La mítica Encyclopaedia Britannica deja de imprimirse. Si no la tiene en su biblioteca y desea hacerse con ella, aún está a tiempo, porque quedan en almacén unos cuatro mil ejemplares. La empresa ha decidido centrarse en la edición online, que permite una actualización permanente de contenidos y una base de datos virtualmente infinita. La edición impresa «se ha hecho difícil de mantener», según su presidente. No es raro que cueste de vender, si ella misma ofrece lo esencial de su contenido, gratis, en la web. Y si no lo hiciera, los usuarios tienen la Wikipedia como alternativa. Ya hace mucho que ningún niño pide a sus padres una enciclopedia para estudiar.

El fin de la Britannica encuadernada es un golpe bajo para quienes aman las estanterías repletas de volúmenes. Apunta hacia el fin de un ciclo de milenios, durante los cuales se ha venerado la posesión física de la palabra, desde los jeroglíficos sobre papiro hasta la cuatricromía en offset. En los que una sociedad se consideraba avanzada cuando los ricos presumían de tener una gran biblioteca, aunque nunca hubieran abierto las vitrinas. En los que Guillermo de Baskerville se jugaba la vida para salvar el tesoro libresco de un monasterio y su antagonista, Jorge de Burgos, envenenaba las páginas de Platón para matar a quienes se instruyeran sobre la risa. Ahora, un solo aparato lector de libros electrónicos puede almacenar 1.400 en su memoria, y acceder a varios millones depositados en «la nube». Es así como la Biblioteca del Congreso de Estados Unidos ocupa lo mismo que el folleto de ofertas del supermercado.

Pero cabe preguntarse por la solidez de esos nuevos soportes. Los jeroglíficos han llegado hasta nosotros en papiros, muros y sarcófagos. La piedra Roseta que permitió traducirlos es un objeto muy físico, nada digital. La palabra escrita en una superficie sólida es una interfaz notable, de acceso directo y de gran duración.
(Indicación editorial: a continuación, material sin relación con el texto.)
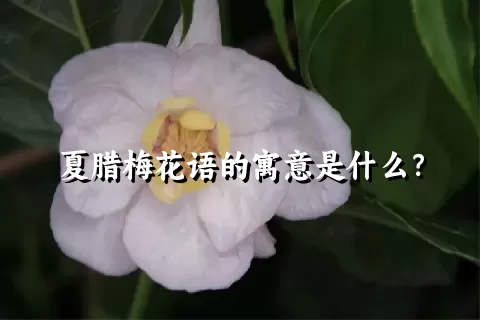 夏腊梅花语的寓意是什么？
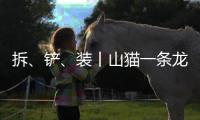 拆、鏟、裝丨山貓一條龍服務！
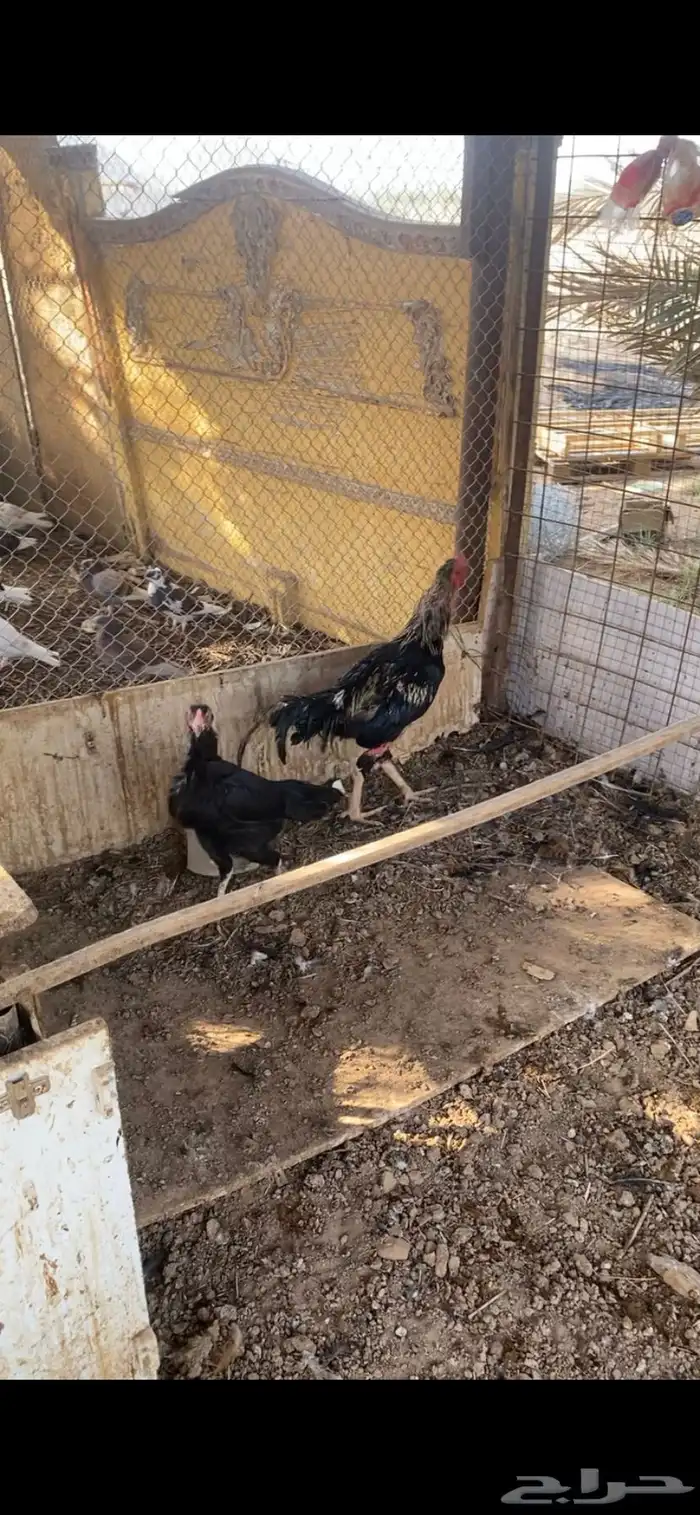 دجاج باكستاني 2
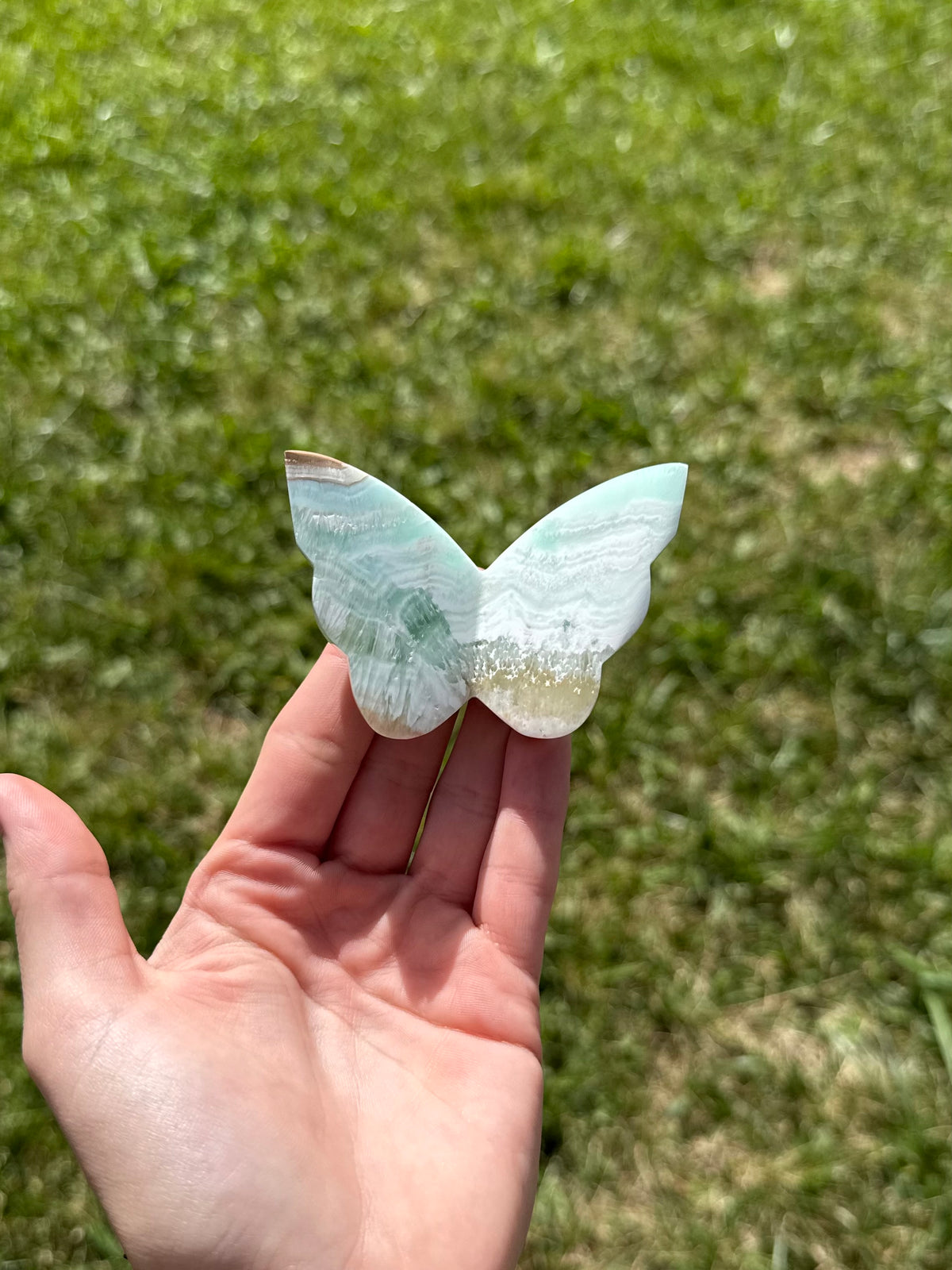 Caribbean calcite butterflies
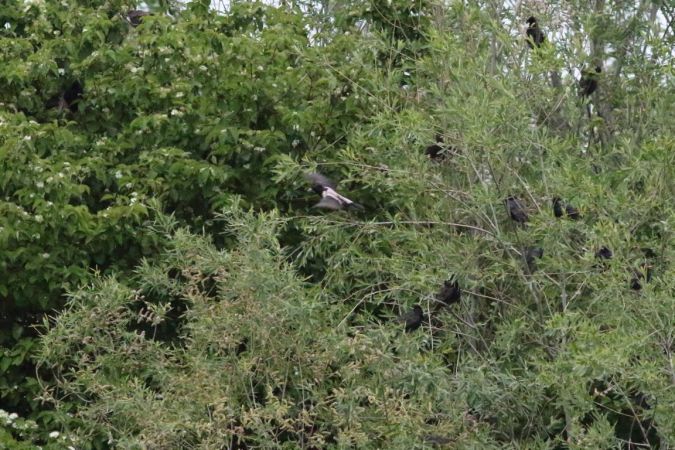 Rosy Starling  - Rupert Hafner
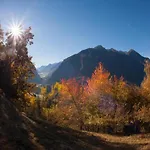 In Neustift Near Stubai Glacier Apartment *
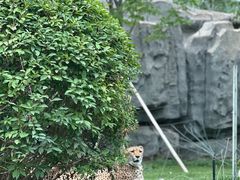 -北京野生动物园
Quien haya guardado sus conocimientos en uno de aquellos discos magneto-ópticos para los que no se encuentran lectores, o en una cinta de vídeo de un sistema descatalogado, o en un disco duro que va y se estropea, puede entender la diferencia. Un par de ojos es lo único que se necesita para acceder a un libro impreso. Y en la biblioteca de casa está al resguardo del daño que las tormentas de la política y la economía le puedan hacer a la famosa nube. No hay duda que ya ha pasado el tiempo en que había «solo» libros impresos, pero sería bueno concederles un «también».